US20200404762A1

US20200404762A1 - Direct drive lighting protection circuit

Info

Publication number: US20200404762A1
Application number: US16/910,038
Authority: US
Inventors: Thomas E. Stack
Original assignee: Individual
Current assignee: Individual
Priority date: 2019-06-23
Filing date: 2020-06-23
Publication date: 2020-12-24

Abstract

A lighting system protection circuit is adapted to receive a rectified AC input voltage, with a voltage threshold detector. The circuit is configured to pass current to the protected lighting system below the predetermined voltage threshold and to shut off current above the predetermined value.

Description

REFERENCE TO RELATED APPLICATIONS

This application claims the benefit, under 35 USC sections 119 and 120, of the filing date of a current pending U.S. Provisional Application Ser. No. 62/865,286, filed on Jun. 23, 2019, entitled, “DIRECT DRIVE LIGHTING PROTECTION CIRCUIT”, the entirety of which is incorporated by reference herein and priority of which is claimed herein.

FIELD OF THE INVENTION

This invention relates to electronic protection systems, in particular for lighting systems.

BACKGROUND

LED and other light sources are typically sensitive to high current or voltage. Excessive electricity can overheat or otherwise damage them.
Some protection circuits put a resistor in series with a lamp load. This prevents externally applied power from overdriving the lamp circuit, but consumes power that could otherwise produce light.
Yet other protection circuits act as an “all or nothing” safeguard, as with opening a fuse or a relay. These safeguards either allow all voltage and current to pass through to the load, or completely shut off the load in case of excess voltage or amperage. Some protection systems do not allow lights to go on again until a fuse is replaced or a circuit breaker is reset. Thus a customer may literally be left in the dark from an excess voltage or current situation.
A need exists for a circuit that provides at least some light output in an electrically overdriven condition, without consuming excess power or producing waste heat.

SUMMARY

The present invention meets this need through efficiently protecting a lighting system, while allowing some light output in a protection mode.
FIGS. 1 and 2 show prior art LED driver circuits 101 and 201, based on the Altoran ACS1404 Direct AC Line LED Driver chip. The schematics are featured in a manufacturer supplied data sheet.
FIG. 3A shows how prior art circuit 301 powers more of LED groups S1 through S4 as voltage increases along the AC power cycle, and fewer LED groups as voltage decreases along the AC cycle. Circuit 301 shows rectified voltage 352 and LED groupings S1 through S4 having independent current feeds IF1 through IF4.
The waveform 351 in FIG. 3B shows how the sums of current feeds IF1 through IF4 total as ILED1 through ILED4 to approximate a rectified sine wave.
Still, nothing limits overall current draw if applied voltage exceeds nominal AC peak voltage, for example 170 volts.
This type of direct drive circuit does not use a power transformer between the AC mains and the LEDs. This configuration has many advantages, including power efficiency and reduction in materials cost and weight. However at least one disadvantage exists in not using a power transformer to couple the mains electricity to the lighting system. For example, any mains power electrical surge will meet with one less intermediate circuit element to limit current and voltage reaching the lights.
To protect a direct drive lighting circuit without the bulk and weight of a power transformer, the present disclosure provides other means of surge and overvoltage protection. The disclosed inventive protection circuit uses semiconductors to efficiently limit the amount of power transfer during overvoltage conditions.
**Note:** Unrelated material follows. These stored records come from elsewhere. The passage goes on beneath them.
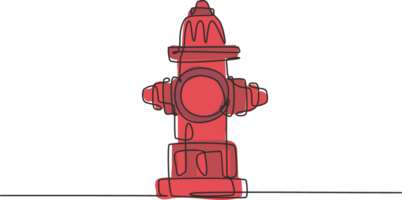 Célibataire un ligne dessin de le bouche d'incendie sur le côté de le route est utilisé pour préventif les mesures dans le un événement de une Feu dans le la plus proche bâtiment. continu ligne dessiner conception graphique illustration. png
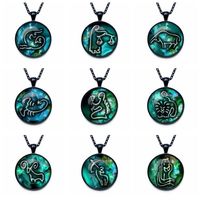 Wholesale Brand new Selling zodiac time gemstone glass necklace pendant N524 with chain mix order pieces a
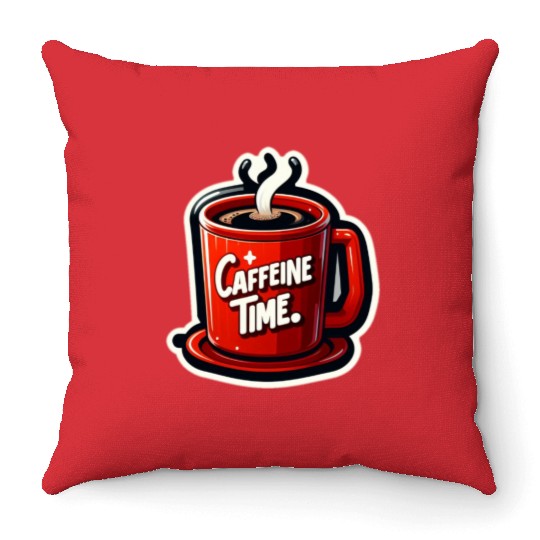 Caffeine Time Bold Graphic Throw Pillows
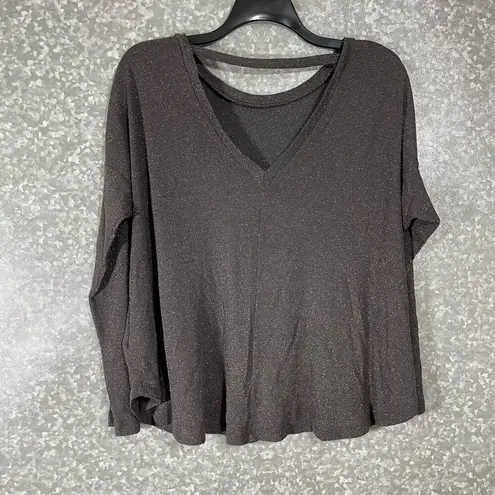 Next Women's Gray & Gold Glitter Dolman Sleeve Sweater - Size 10 - V-Neck Back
BRIEF DESCRIPTION OF THE DRAWINGS

FIG. 1 shows an example prior art direct drive lighting system;

FIG. 2 shows yet another example prior art direct drive lighting system;

FIG. 3A graphically details LED group current flows for an example prior art direct drive lighting system;

FIG. 3B shows a prior art sample current vs. voltage representation through one half of a full wave AC power cycle;

FIG. 4 shows a protective circuit inserted within a lighting system as in FIGS. 1-2;

FIGS. 5A through 5C show results of operating the protective circuit in conjunction with the lighting system, as viewed with an oscilloscope;

FIG. 6 shows groupings of protection circuit features to provide a more general perspective of how the circuitry implements lighting system protection; and

FIG. 7 shows an alternate grouping of protection circuit features to provide another perspective of how the circuitry implements lighting system protection.

DETAILED DESCRIPTION

FIG. 4 shows a circuit system 401 partly based on FIGS. 1 and 2, but with an added block 420 that is placed between the bridge rectifier D1 and the IC ACS1404 in block 450. This block 420 protects the LED driver IC ACS1404 and lamps contained in block 450. In case of over voltage detection, circuit 420 turns off current to block 450.
Here is a theory of operation. Diode bridge D1 rectifies externally supplied AC source voltage to provide a rectified voltage waveform 452 that is applied to the protection block 420. A symbolic AC source 403 is shown separately.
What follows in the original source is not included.